By Euro Weekly News Media • 04 November 2011 • 8:43
AIRLINES, as with all large businesses, employ Public Relations and Marketing Companies to sell their brand and services to the Public.
This season it appears that the major carriers are using their flight crews to persuade us to fly with them.
Cathay Pacific shows us Nigel a senior training captain who claims to love flying and Taiwanese stewardesses performing geisha style acts both in the cabin and the terminal. Then there’s British Airways showing us pilots flying the company aircraft throughout the history of BA.

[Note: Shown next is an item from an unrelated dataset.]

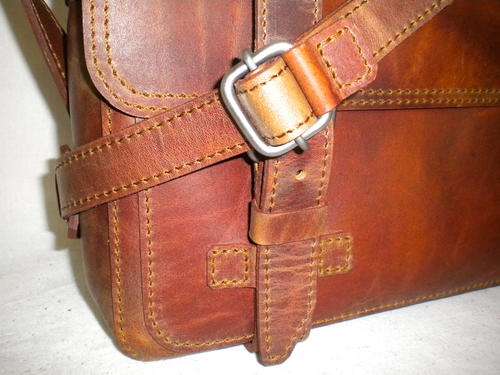 Leather Badger Briefcase, MEDIUM, (A4size),  ANTIQUE BROWN!!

The no frills carriers limit their advertising, usually in newspapers, to telling us how cheap they are. However there is one no frills airline – which I will not name – whose PR Company have different ideas. This carrier has released many proposed operational changes that could never or will never get off the ground; let’s look at some of these.
The removal of seats and have passengers standing, albeit that they had some sort of straps, must have been an April fool’s joke. The charging for the use of the toilets by having a slot machine at the door falls into the same category.
Over two years ago it was announced by this airline that it proposed to remove the two rear toilets of its fleet of Boeing 737-800s and fit six more seats. This proposal was again released by the PR company recently and reported once more in various dailies. There are countless reasons why this will not work and here are a few.
The 737-800 with four doors and four over wing escape windows is certified to carry a maximum of 189 passengers; this airline already has 189 seats fitted. More seats would most likely attract the requirement of another escape hatch except there’s no space to fit one.
Have you noticed there are no windows in aircraft toilets? If a triple seat unit was to be fitted to that area with out fitting a window it would be rejected by passengers. The Concorde was originally designed with no windows but market research showed no one would fly in it.
Seats on aircraft are attached to the floor on seat tracks which are further attached to the floor beams and this attachment is tested to 9Gs. These seat tracks would have to be extended rearwards.
Overhead lockers would have to be installed and electrical and air conditioning wiring and trunking would have to be rerouted. Flight control operating cables also may have to be moved. The designing and implementing these major structural and systems modifications, including certification, would be virtually impossible and prohibitively expensive in both time and money.
It can be done of course by redesigning the aircraft at production, but, would a manufacturer run a 200 unit batch of such a modified aircraft, that no other airline would order nor would the aircraft have any value in the second hand market.
This is definitely a PR stunt and I would say to BA and Cathay, don’t change your PR team and to passengers who continue to fly with this airline there will be no long queues at the single toilet or the offer of expensive incontinence pants at the check in desk.